All of these are possibilities not certainties. They require of the left in Aotearoa and around the world to go out and build movements with hundreds of thousands of people. Winning change requires hard work and people who refuse to ignore the suffering of others.

It requires anti-capitalists, trade unions and human rights organisations to co-ordinate anti-sweatshop protests in cities across the world. It was through these types of actions replicated around the world that the powerful global justice or anti-globalisation movement was built.

It requires the efforts of dozens of volunteers and activists committed to building trade unions in workplaces where there is no experience of unions or strike action. But it was these types of campaigns that built the union movement in the first place. When farm workers in England in 1834 were being transported to Australia for daring to demand better pay and conditions.

It requires demonstrations in the street that force governments to act on climate change and a confrontational direct action approach to raising these issues into the public debate.

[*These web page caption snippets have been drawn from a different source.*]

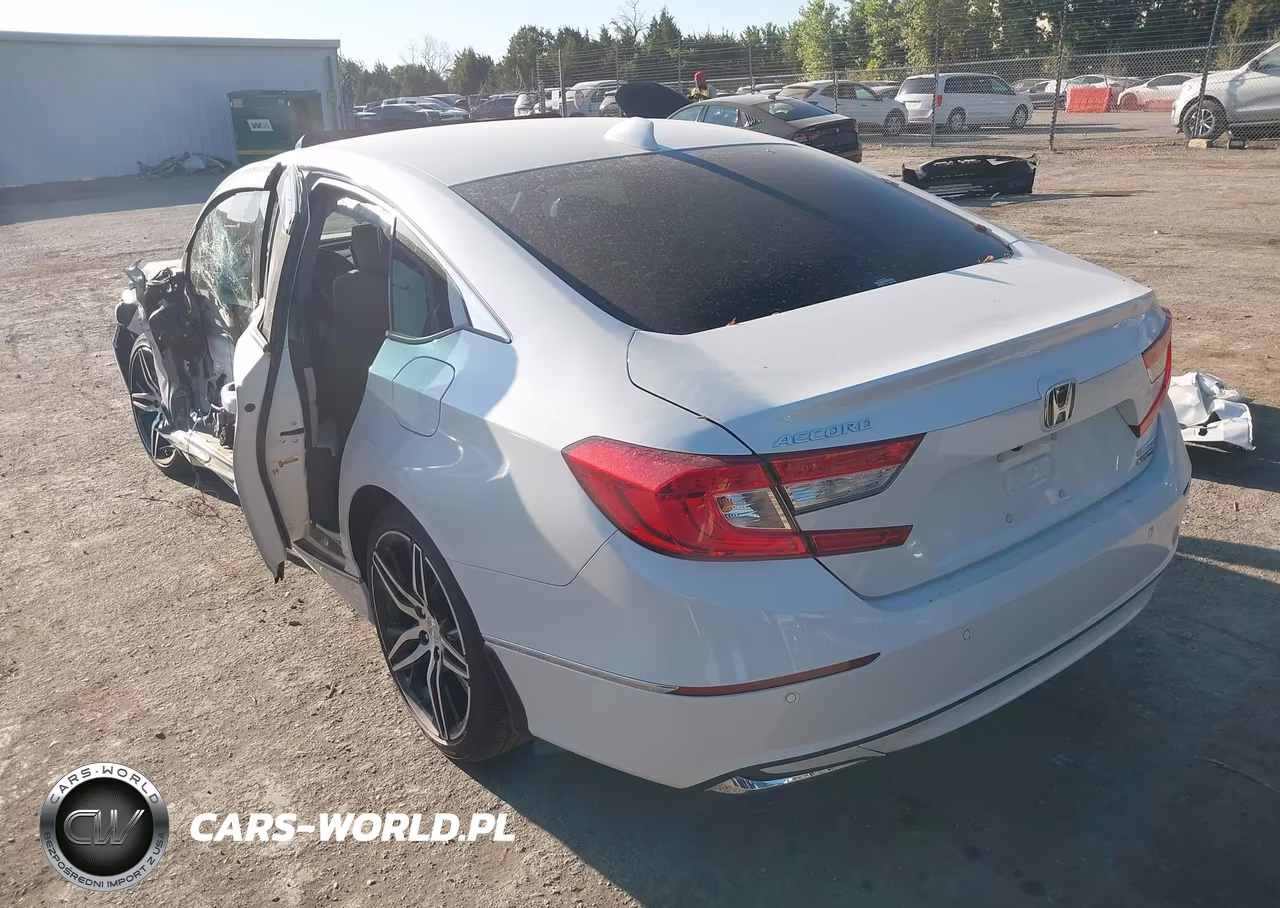 2021 Honda Accord Hybrid Touring VIN:1HGCV3F97MA021581 - 3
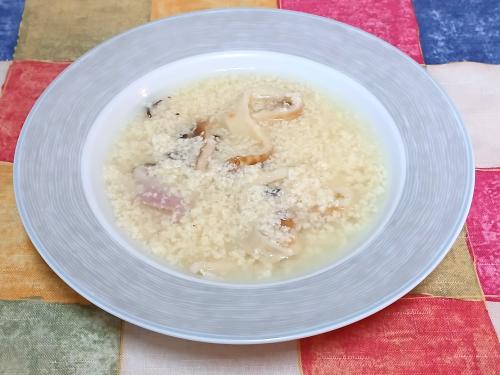 Jak uvařit pastináková polévka se slaninovými nudlemi z jeseníků? Snadné recept, připravený za Do 30 minut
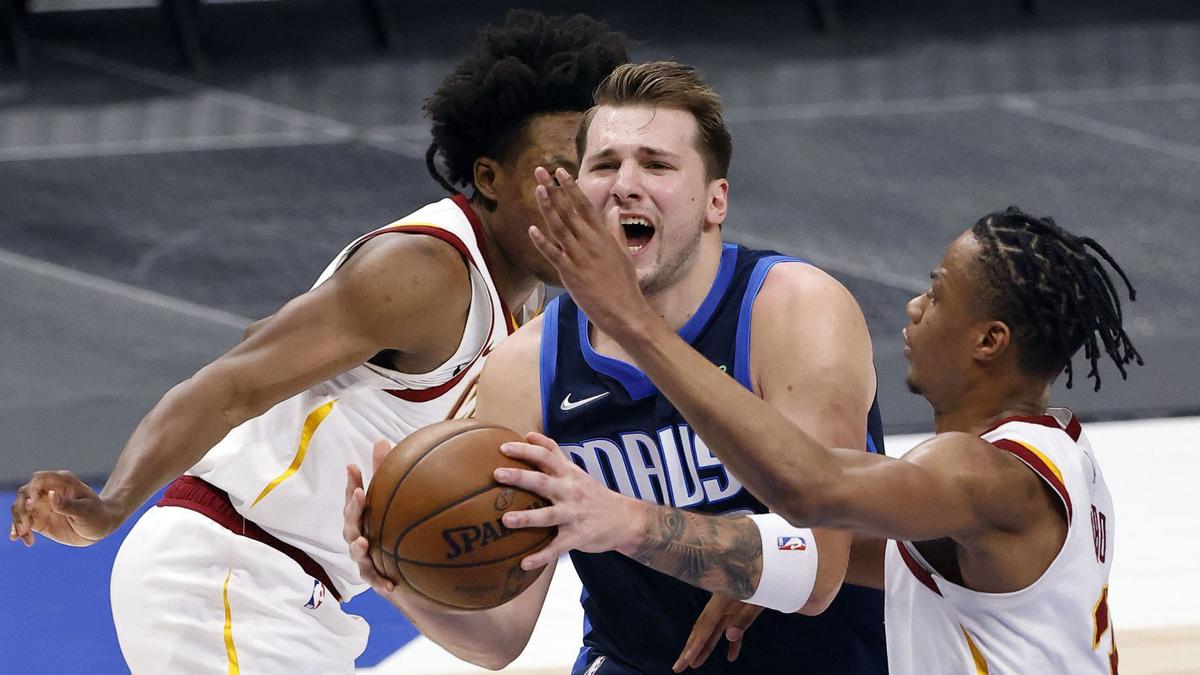 Luka Doncic ejected from Mavericks game after 'aggressive strike to the  groin', Dallas Mavericks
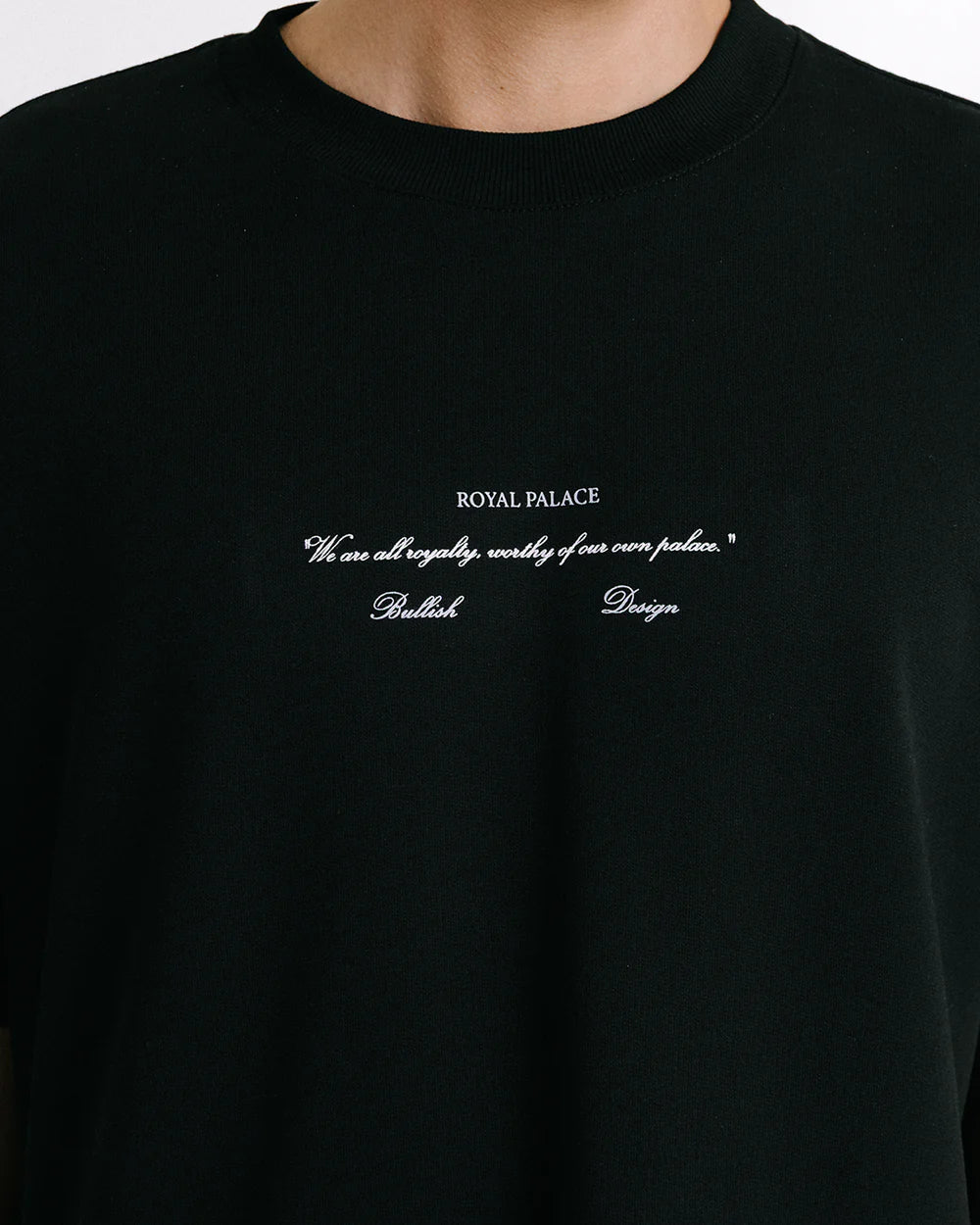 CHARLES OVERSIZED BLACK BULLISH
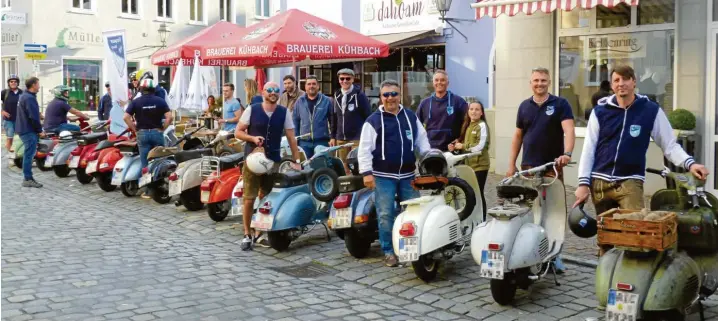  ?? Fotos (3): Manfred Zeiselmair ?? An jedem zweiten Donnerstag im Monat treffen sich die Vespaar-Mitglieder mit ihren Blech-Rollern zum Stammtisch im Aichacher Café Dahoam.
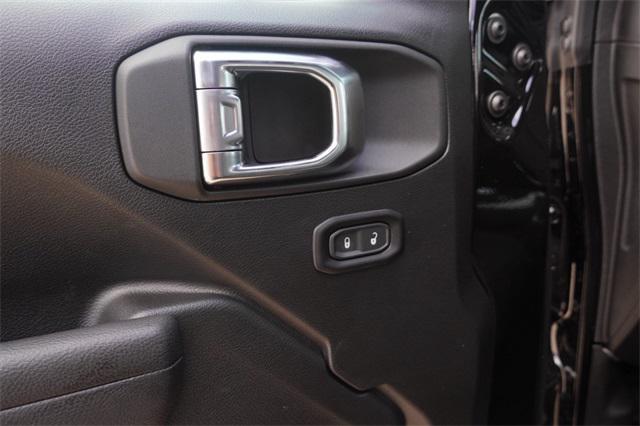 new 2025 Jeep Wrangler car, priced at $31,988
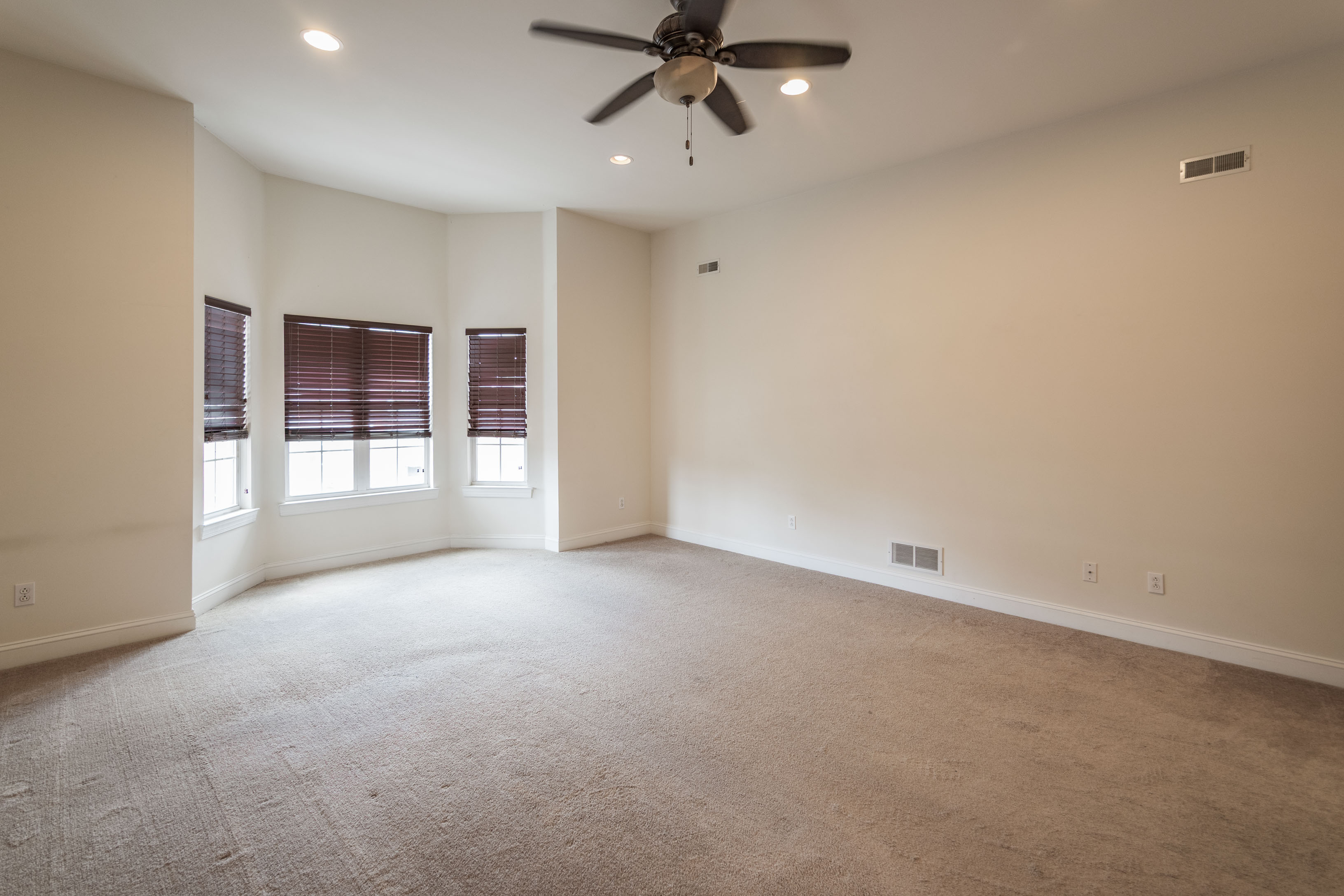 2236 Christian St_-28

It requires public meetings and petitions. It's a strategy that works. In the 1970s dozens of environmentalists would go and live in trees across Aotearoa to stop the felling of native forests.

It requires protest campaigns that highlight the human rights abuses and the apartheid reality of Israel's occupation of Palestine. It requires stalls on university campuses and petitions and the lobbying of student associations. The same types of protest campaigns organised around the world in the 1980s that targeted apartheid in South Africa.

These opportunities come once in a decade, sometimes once in a lifetime. There is a possibility for an upsurge of union protests, environmental campaigns, anti-war and human rights movements right across Aotearoa and around the planet. These movements if built have the potential to end exploitation, ecological plundering and poverty locally and globally. These movements could put revolutionary socialist alternatives to capitalism and war on the agenda for the whole planet.

However if we miss these opportunities, if these movements are not organised from the smallest of beginnings then we face the certainty of another century of capitalist exploitation and the absolute destruction of our planet.

The Aotearoa is Not for Sale movement involved literally tens of thousands of people protesting against asset sales in cities and towns from Invercargill to Kaitaia. Yet at its core was Socialist Aotearoa, a small organisation of socialists who said we need to start stand up and fighting back. Some people, including Members of Parliament told us it was not possible to get more than a few hundred people marching on Queen Street. But we got nine thousand marching in April 2012, three thousand marching in July 2012 and fifteen hundred in April 2013.

The world is in crisis. People are angry and fed up with the capitalist system. We can all see it is broken. But winning change requires the left to get active, to get angry and to get organised.